JL: Well, you know, we were talking the other day. And I noticed for the first time during the Freedom Riders film I heard Bobby Kennedy say that there’s going to be a black President one day. Now, somebody said he said “forty years.” I didn’t hear the “forty years,” but I did hear him say there’d be a black President. We all felt one day that we’d have a black President, but none of us thought we’d live to see it. It just - the way things were at that time, we just couldn’t foresee a black President.
And here, in 19--, uh, in 19--, what year was that we had the -? Anyway, when Barack Obama decided to run, something happened to me spiritually, and I became one of his early supporters. When hardly any other civil rights leaders were supporting him, I was out there supporting him. And I just felt like God was moving in history, and the time had come. And I wasn’t sure he could be elected, but I thought the time had come for him to run.
Unlike Jesse’s campaign [Jesse Jackson’s presidential campaign], which was purely symbolic - none of us ever, you know, nobody ever thought Jesse was going to win. But it was a symbolic run, and it was a good thing. But Barack Obama’s campaign took on a different hue, and it appeared he might have a chance to win. And so, I went all over the country and went to Selma in March of - now, what year was that?
JM: 2007, I think - Brown’s Chapel [Brown Chapel A.M.E. Church in Selma]?
JL: Yeah, Brown Chapel. It was 2007. And, uh, I was supposed to speak at First Baptist Church. I had spoken at Brown Chapel the year before. And Barack Obama was scheduled to speak at Brown Chapel. When I got to First Baptist, I heard Obama was supposed to speak at Brown Chapel. I got a headache. And I - [laughs] I said, “I can’t. I’m going to send you to somebody.” So, we sent somebody, and I went to Brown Chapel [laughs] to hear Barack Obama. And, uh, he made an interesting speech.
Uh, I said in my remarks - they called on me to make remarks before he spoke. [55:00] I hadn’t counted on that. But I said that, uh - I talked about “good crazy.” There’s “good crazy” and “bad crazy.” The YouTube picked it up, and people have seen it all over the country. But I said that I was going over to Brown Chapel to meet with the crazy people who talked about a black President. And I said, “People are saying you’re crazy,” said, “but there’s good crazy and there’s bad crazy. And, uh, good crazy, uh, you know, is on the right side and the right side of history.”

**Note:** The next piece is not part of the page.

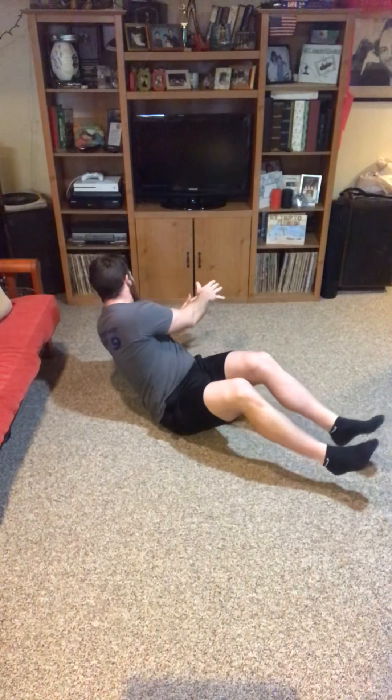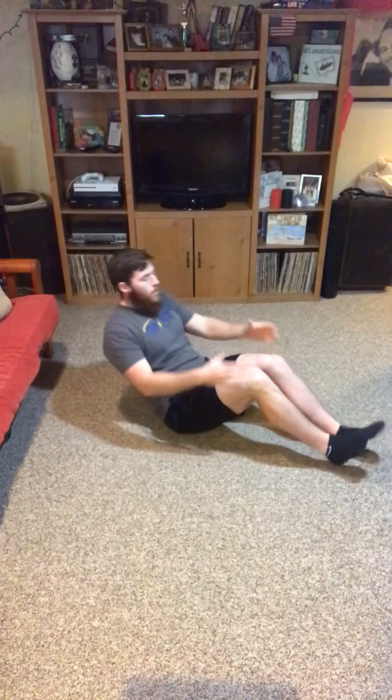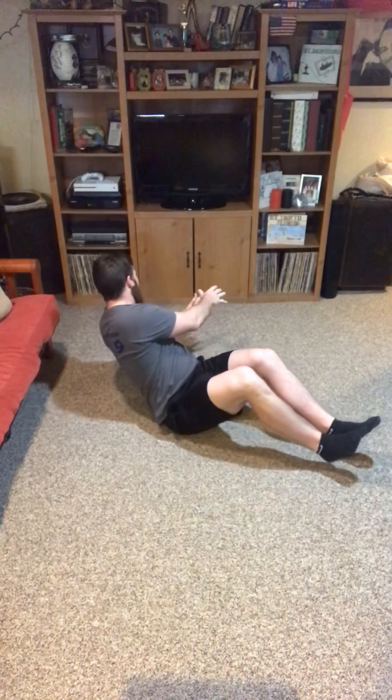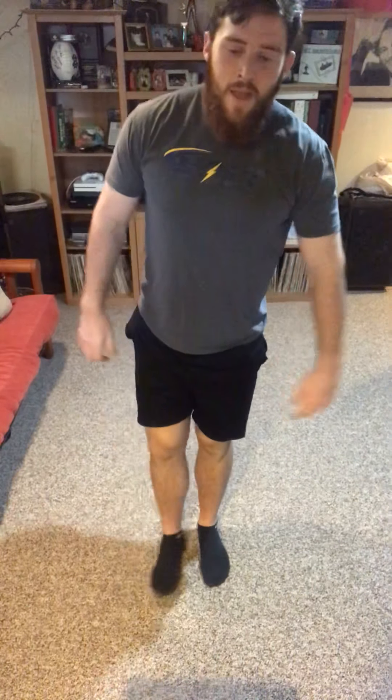...rotate over to the other side. Don't rush super fast through these — we don't want to just throw everything around. Nice and controlled, exhale as you go over to the side. We're going to go five to each side with the Russian twist.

And he spoke that day and he said that he represented the Joshua generation. He looked back at me and John Lewis. He said, “You guys represent the Moses generation.” I thought that was a sneaky way to call us old, you know, [laughs] but he was right. And he said he represented the Joshua generation, and something happened in me, that this guy’s inspired, and I think God is moving. And, uh, I decided at that time that I would support him and I marched across the bridge with him that day, my wife and I together.